Epidermolysis bullosa

Epidermolysis bullosa (EB ) (also butterfly disease) is a genetic skin disease that is inherited in an autosomal dominant or recessive depending on the subtype. Is a congenital cause mutation in specific genes, whose gene products (proteins) necessary for the intact cellular structure of the skin, among others. The mechanical connection between the different layers of the skin is insufficiently formed thereby may vary according to subtype blisters and sores with possible scarring occur ( on and throughout the body, for example, mouth and esophagus ). The disease is colloquially referred to as butterfly skin.
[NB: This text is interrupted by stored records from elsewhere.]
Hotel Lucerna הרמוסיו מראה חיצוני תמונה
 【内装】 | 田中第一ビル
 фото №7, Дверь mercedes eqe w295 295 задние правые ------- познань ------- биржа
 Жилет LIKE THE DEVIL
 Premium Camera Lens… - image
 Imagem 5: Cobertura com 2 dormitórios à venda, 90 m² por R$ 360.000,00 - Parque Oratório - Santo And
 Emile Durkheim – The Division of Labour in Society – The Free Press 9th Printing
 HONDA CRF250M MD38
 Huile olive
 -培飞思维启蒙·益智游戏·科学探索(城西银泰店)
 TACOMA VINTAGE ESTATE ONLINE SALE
Since 1999, the EB is divided according to expert consensus in three main forms that are listed in the table. The former practice of classification based on molecular abnormalities was not considered appropriate because of the pronounced genetic diversity.

Epidermolysis Bullosa is not contagious, does not affect the intelligence, but leads to more or less severe disabilities and can lead to premature death. Possible adverse effects and consequences are malnutrition, short stature, finger and Zehenverwachsungen, tooth decay, hair loss, mobility disability, skin cancer and pain.


The treatment involves the regular (several times daily ) wound care. Currently, there is no curative therapy.

Gene therapy is currently the only hope for a real cure. Here there was the promising report of a patient who remained symptom-free by transplantation of genetically modified skin cells, at least on the transplanted skin recently.